Task
Could you return each line from the one bearing "Counter Appliance Storage, Pantry" through the last line of the entries, exactly as it stands, with no pictures?
━━━━━━
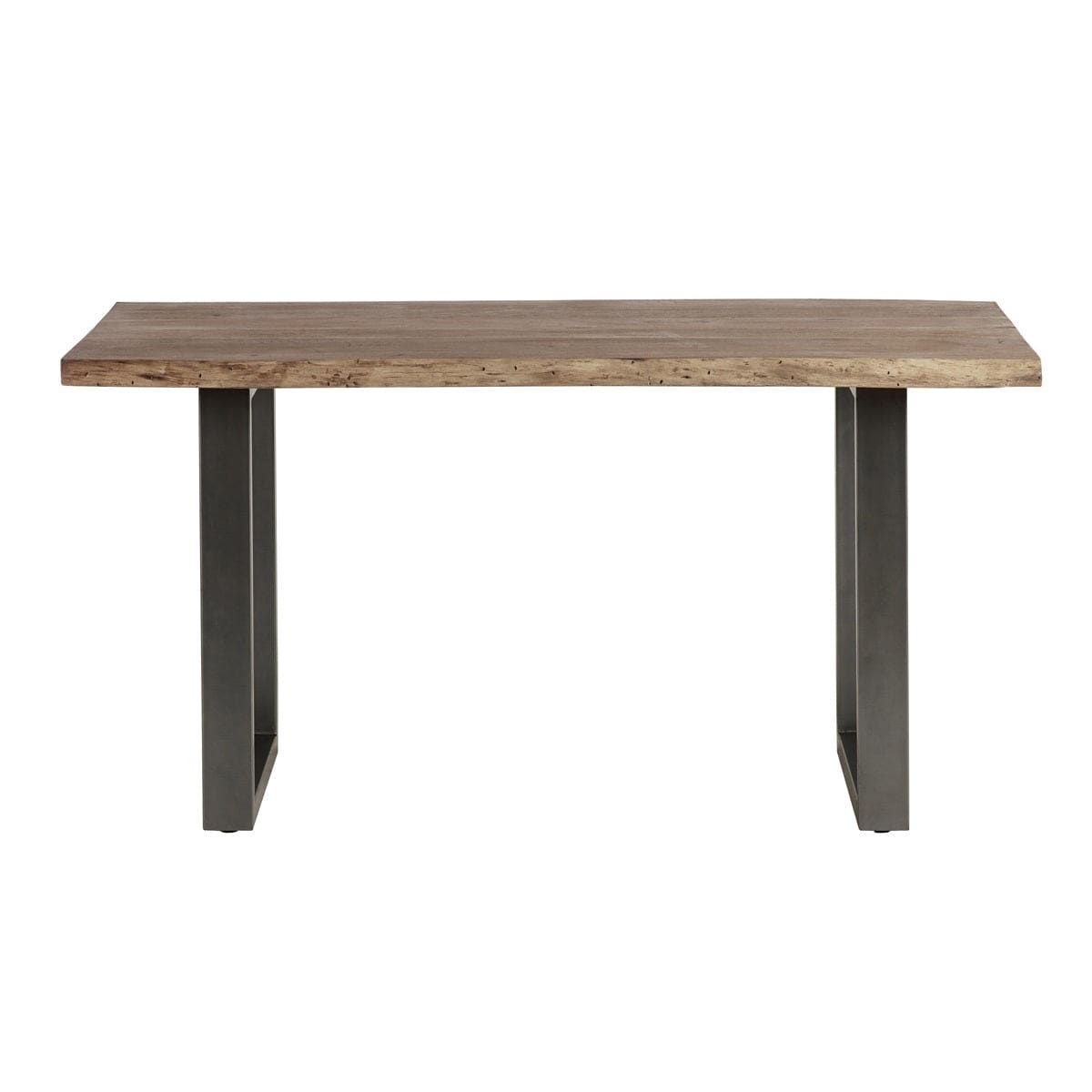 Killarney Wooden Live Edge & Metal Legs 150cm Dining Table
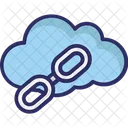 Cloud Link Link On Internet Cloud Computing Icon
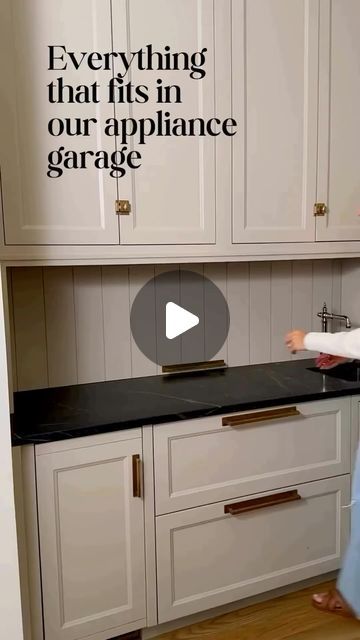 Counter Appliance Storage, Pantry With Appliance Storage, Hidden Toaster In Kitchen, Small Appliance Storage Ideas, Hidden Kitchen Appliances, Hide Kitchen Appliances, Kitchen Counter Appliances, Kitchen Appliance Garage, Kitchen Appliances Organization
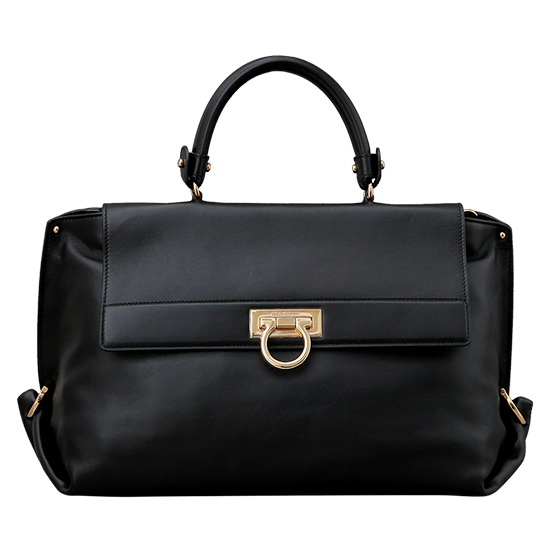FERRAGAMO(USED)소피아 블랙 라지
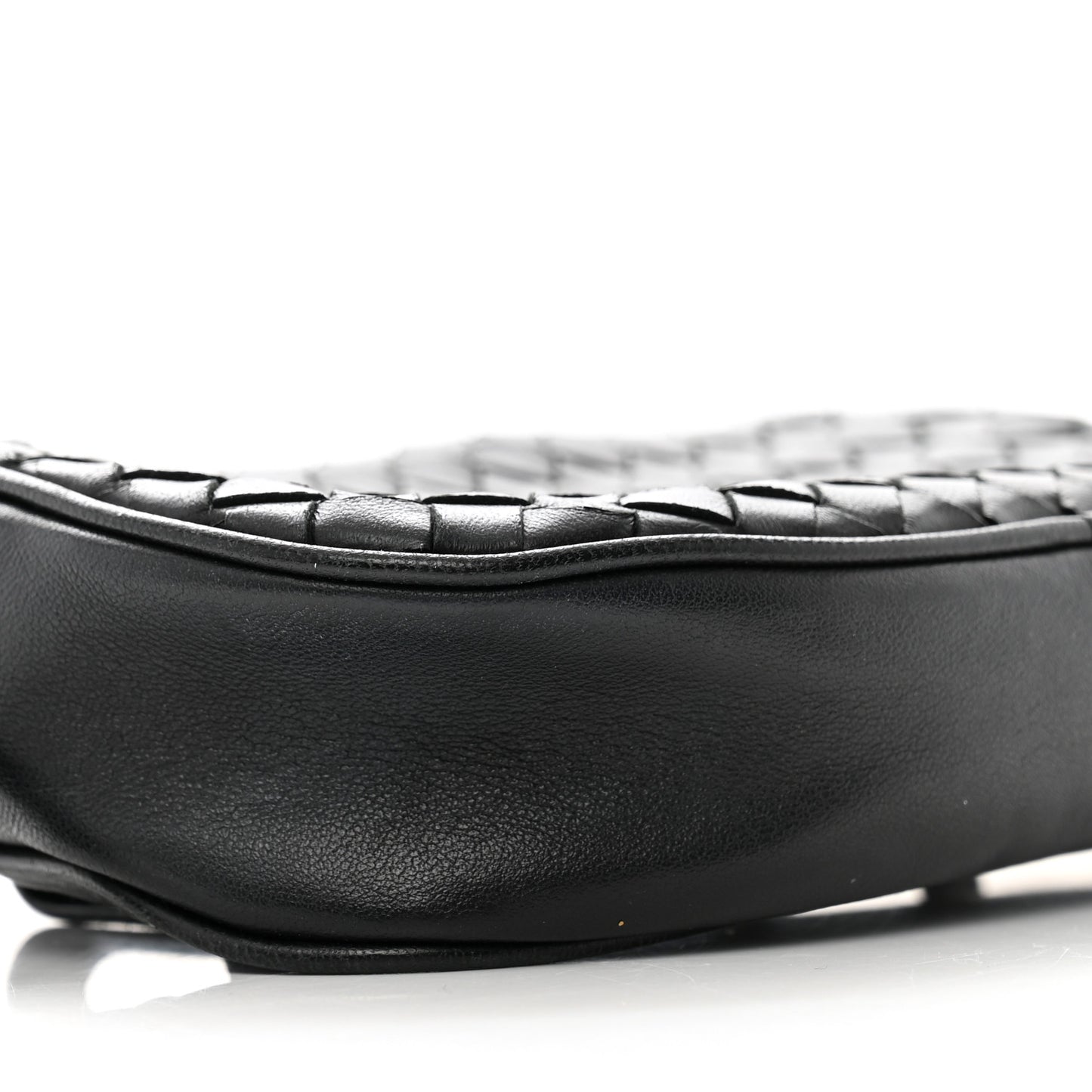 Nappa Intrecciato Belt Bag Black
━━━━━━
Reply
 Counter Appliance Storage, Pantry With Appliance Storage, Hidden Toaster In Kitchen, Small Appliance Storage Ideas, Hidden Kitchen Appliances, Hide Kitchen Appliances, Kitchen Counter Appliances, Kitchen Appliance Garage, Kitchen Appliances Organization
FERRAGAMO(USED)소피아 블랙 라지
 Nappa Intrecciato Belt Bag Black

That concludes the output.